Section 212(6) — Investigation of Fraud
  • When the Serious Fraud Investigation Office (SFIO) reports that a fraud has been committed by officers of the company, the NCLT may direct that officers be personally liable without any limitation.
  • The corporate veil is lifted to recover assets misappropriated by directors/officers.
📌 Example: SFIO investigation of PQR Ltd. reveals that directors siphoned off ₹100 crores. NCLT can hold directors personally liable to repay the amount.
Section 339 — Fraudulent Conduct During Winding Up
  • During winding up, if it appears that any business was carried on with intent to defraud creditors or for any fraudulent purpose, the NCLT may:
  • Declare that persons knowingly party to such fraud are personally liable without limitation for all debts of the company.
  • This is the most important provision for lifting the corporate veil during insolvency.
📌 Example: During winding up of DEF Ltd., it is found that directors continued trading knowing the company was insolvent, thereby defrauding creditors. The court holds the directors personally liable for the company's total debt of ₹5 crores.
Section 340 — Assessment of Damages Against Delinquent Officers
  • If in the course of winding up, it appears that any officer has misapplied, retained, or become liable for company money/property, or has committed misfeasance/breach of trust:
  • The NCLT may examine the conduct and compel such officer to repay or restore the money or contribute to the company's assets.
📌 Example: Managing Director of GHI Ltd. withdraws ₹2 crores from company accounts for personal use. On winding up, NCLT orders the MD to personally restore the ₹2 crores.
Section 447 — Punishment for Fraud
  • Fraud includes any act, omission, concealment of fact, or abuse of position with intent to deceive, gain undue advantage, or injure.
  • Punishment: Imprisonment 6 months to 10 years + Fine equal to or up to 3 times the fraud amount.
  • Where fraud involves public interest — minimum 3 years imprisonment.
  • This section supports personal liability even behind the corporate veil.
📌 Example: Directors of JKL Ltd. falsify accounts to show profits and declare dividend from capital. Under Section 447, each director faces personal criminal liability.
Section 3A — Members Severally Liable (One-Member Provision)
  • If at any time the number of members of a company falls below the statutory minimum (2 for private company, 7 for public company) and the company continues business for more than 6 months:
  • Every member who is aware of this fact becomes jointly and severally liable for debts incurred during that period.
📌 Example: MNO Private Limited continues business for 8 months with only 1 member after the other member exits. That single remaining member becomes personally liable for all debts incurred during those 8 months.

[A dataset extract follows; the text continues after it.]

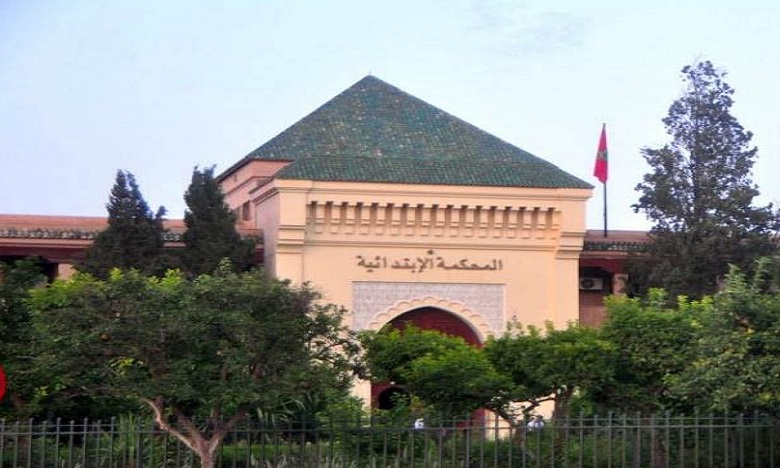La cour de Marrakech condamne trois accusés à des peines de prison ferme pour espionnage et extorsion.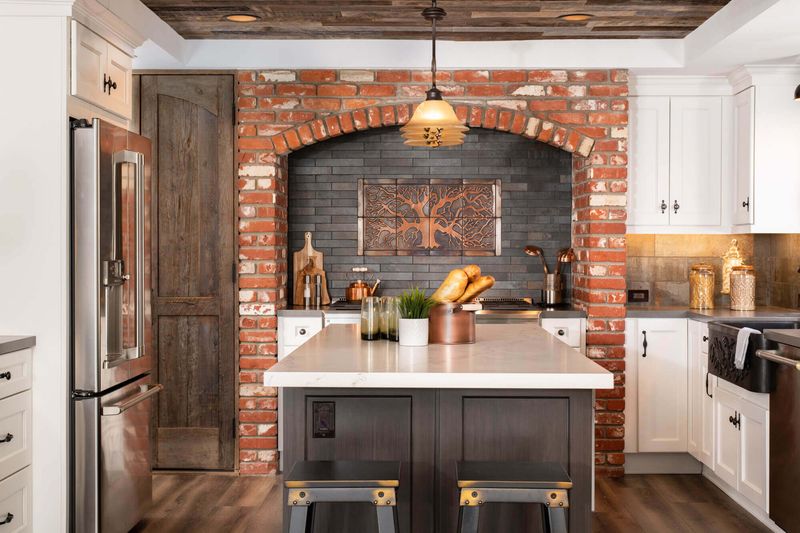 8 Kitchen Mistakes That Clash With New Mexico Style, And 10 That Feel Right At Home - Decor Hint Industrial Pendant Lights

⚖️ IV. Judicial / Non-Statutory Grounds for Lifting

Apart from statutory provisions, courts lift the veil based on equitable principles in the following situations:

01

Prevention of Fraud

When the corporate form is used to commit or conceal fraud.

📘 Gilford Motor Co. v. Horne (1933)

02

Enemy Character (National Emergency)

During war, if the controlling shareholders are enemy nationals, the company gets the character of an enemy.

📘 Daimler Co. v. Continental Tyre Co. (1916)

03

Evasion of Legal Obligations

When a company is formed to evade legal duties, contracts, or court orders.

📘 Jones v. Lipman (1962)

04

Sham or Facade Company

When the company is a mere façade with no real business — just a cloak for illegal acts.

📘 Re: Darby (1911)

05

Agency / Trust

When a company acts merely as an agent or trustee of its controlling member/shareholder.

📘 Re: FG Films Ltd. (1953)

06

Determination of Character

To determine the true nature and character of the entity (e.g., public vs. private, domestic vs. foreign).

📘 LIC of India v. Escorts Ltd. (1986)

07

Tax Evasion

When a company is structured purely to evade legitimate tax obligations.

📘 Vodafone Int'l Holdings v. Union of India (2012)

08

Public Interest

When ignoring the corporate entity is necessary in the interest of justice and public policy.

📘 Delhi Development Authority v. Skipper Construction (1996)

📚 V. Landmark Cases on Piercing the Corporate Veil

Salomon v. Salomon & Co. Ltd. (1897) — House of Lords (UK)

Facts: Mr. Salomon converted his sole business into a company, took most of the shares and debentures himself. On winding up, unsecured creditors claimed Salomon & the company were one.

Held: The company is a separate legal entity — distinct from its members. Creditors cannot pierce the veil merely because one person dominates the company.

🏛️ Principle: Corporate Personality / Separate Entity Rule

Daimler Co. Ltd. v. Continental Tyre & Rubber Co. Ltd. (1916) — UK

Facts: A company incorporated in England was controlled by German shareholders during WWI. It sued to recover a debt.

Held: The court looked behind the corporate veil to determine the true character of the shareholders. Since they were enemy aliens, the company was treated as an enemy — veil lifted.

🏛️ Principle: Enemy Character — National Interest

Gilford Motor Co. Ltd. v. Horne (1933) — UK Court of Appeal

Facts: Mr. Horne, bound by a non-solicitation clause in his employment contract, formed a new company to solicit his former employer's customers.

Held: The company was a mere cloak or sham to evade a contractual obligation. Court granted injunction against both Horne and his company.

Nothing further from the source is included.